Gilmore obviously wanted to be paid more for his services in 2021. He probably wanted a whole new deal with a few more years of job security. He sat out offseason workouts and OTAs. After Gilmore started the season on PUP, the Patriots were not interested in giving him a raise or more years this season, or not interested in giving him as big of a raise or as many years that Gilmore sought. And now their marriage is over, with the Panthers paying a small price to acquire the highly talented Gilmore.
Bill Belichick obviously feels confident that his secondary, now led by J.C. Jackson, offseason signee Jalen Mills and slot corner Jonathan Jones, is good enough. Or at least good enough for this 1-3 team that has a lot of work to do over the next three months to get back into the playoff conversation.
Pass defense has not been New England's issue thus far this season, though having Jets rookie quarterback Zach Wilson throw four passes to them in Week 2 somewhat inflates their numbers. But they're at the top of the NFL in passing yards allowed and completion percentage, and the group is fresh off of making Tom Brady look human in a Week 4 loss. So there is reason to believe that the secondary is actually pretty good.
Again, this all comes back to money. Following Belichick's offseason spending spree, the Patriots only had roughly $54,000 under the cap to play with the rest of the season.

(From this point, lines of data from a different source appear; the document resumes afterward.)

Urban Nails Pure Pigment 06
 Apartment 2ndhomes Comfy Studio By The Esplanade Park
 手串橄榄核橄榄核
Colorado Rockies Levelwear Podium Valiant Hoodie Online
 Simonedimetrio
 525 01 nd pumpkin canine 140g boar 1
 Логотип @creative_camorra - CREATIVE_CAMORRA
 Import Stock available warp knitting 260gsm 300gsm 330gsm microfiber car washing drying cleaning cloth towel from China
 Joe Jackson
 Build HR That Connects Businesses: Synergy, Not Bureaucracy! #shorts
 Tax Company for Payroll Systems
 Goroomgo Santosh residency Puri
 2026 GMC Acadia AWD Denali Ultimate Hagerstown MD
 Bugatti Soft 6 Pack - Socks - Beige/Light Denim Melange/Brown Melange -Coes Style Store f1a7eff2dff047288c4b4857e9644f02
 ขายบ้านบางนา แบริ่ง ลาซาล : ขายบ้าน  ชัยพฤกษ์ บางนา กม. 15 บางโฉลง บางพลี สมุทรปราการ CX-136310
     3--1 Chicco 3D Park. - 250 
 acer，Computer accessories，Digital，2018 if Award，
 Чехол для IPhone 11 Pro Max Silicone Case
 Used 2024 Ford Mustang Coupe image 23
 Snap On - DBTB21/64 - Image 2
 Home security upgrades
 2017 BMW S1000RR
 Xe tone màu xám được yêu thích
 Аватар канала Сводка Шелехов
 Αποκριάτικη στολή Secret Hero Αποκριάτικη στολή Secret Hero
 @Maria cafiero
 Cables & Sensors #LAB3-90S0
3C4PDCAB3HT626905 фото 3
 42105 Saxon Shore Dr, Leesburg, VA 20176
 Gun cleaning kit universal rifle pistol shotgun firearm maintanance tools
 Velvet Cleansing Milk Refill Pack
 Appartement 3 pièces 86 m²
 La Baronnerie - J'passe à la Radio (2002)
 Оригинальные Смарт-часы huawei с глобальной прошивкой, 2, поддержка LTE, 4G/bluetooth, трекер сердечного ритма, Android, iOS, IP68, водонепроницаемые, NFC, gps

In subtracting Gilmore's base salary, they now have a lot more wiggle room to improve the roster in the areas they see fit. According to Patriots salary cap guru Miguel Benzan, moving on from Gilmore gives New England just over $8.6 million in cap space.
Hopefully that cap space is put to good use. Jamie Collins is reportedly coming back (again) to add depth at linebacker. Mac Jones is being pummeled on a weekly basis and could use some help on the offensive line and at receiver. Addressing both would be ideal, and shedding Gilmore ups the potential for additions in some important areas.
It was a shocking move when news broke early Wednesday morning, but as always, money talks with the Patriots. Now we'll wait to see if that newfound cap space is put to good use.